SAN DIEGO (AP) — The United States and Mexico are working on plans to halt much of cross-border travel without disrupting trade. Mexican Foreign Relations Secretary Marcelo Ebrard says he proposed steps that won't paralyze economic activity and promised details Friday.
U.S. Secretary of State Mike Pompeo says he is working closely with his Mexican counterpart. Paola Avila, chair of the Border Trade Alliance, says U.S. officials have told business leaders that the U.S. will prohibit non-essential travel, similar to a measure announced this week on the Canadian border.
The Canadian government says the Canada-U.S. border will be closed to all non-essential travel in both directions on Friday night. Prime Minister Justin Trudeau says it will take "weeks to months" for social-distancing measures in his country to be lifted.
Both the U.S. and Canada have been in talks in recent days to negotiate a mutual halt to tourism and family visits but leaving the flow of trade intact.
Canada relies on the U.S. for 75% of its exports and about 18% of American exports go to Canada. Much of Canada’s food supply comes from or via the U.S.
Many countries in Latin America have taken aggressive measures to deal with the coronavirus such as closing their borders, docks and airports to foreigners, declaring states of emergencies and ordering business shutdowns. Mexico, by contrast, has taken a “business as usual” attitude.

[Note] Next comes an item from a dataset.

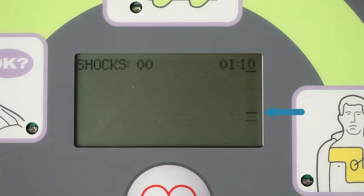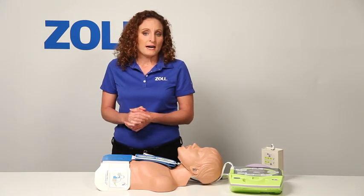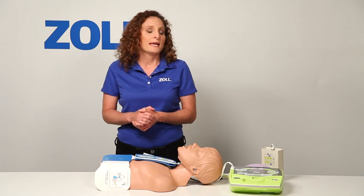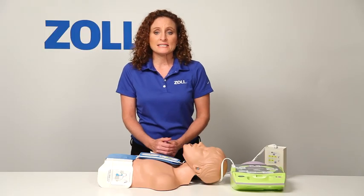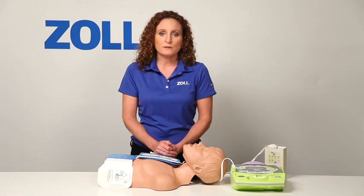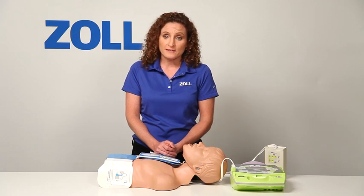The upper line represents 2 inches, while the lower line represents 2.4 inches. When you do good compressions, the bar should at least cross the upper line. Now if I stop CPR before the AED Plus tells me to, Real CPR Help continues watching for my compressions. After 10 seconds with no compressions, it will prompt me again. Continue CPR. So when it's time to do CPR, the AED Plus can see my chest compressions, tell me to push harder when my compressions aren't deep enough, and I can see the effectiveness of each compression by watching the real-time feedback of the bar gauge.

People are still crowding street markets for shopping, while traffic fills the streets and commuters throng the subway.
President Andrés Manuel Lopez Obrador and his government have said a shutdown of the country would disproportionately hurt poor people and also be a psychological weight on all Mexicans, so there’s no reason to order major restrictions before health officials deem them necessary.
The approach is puzzling many Mexicans, and worrying experts.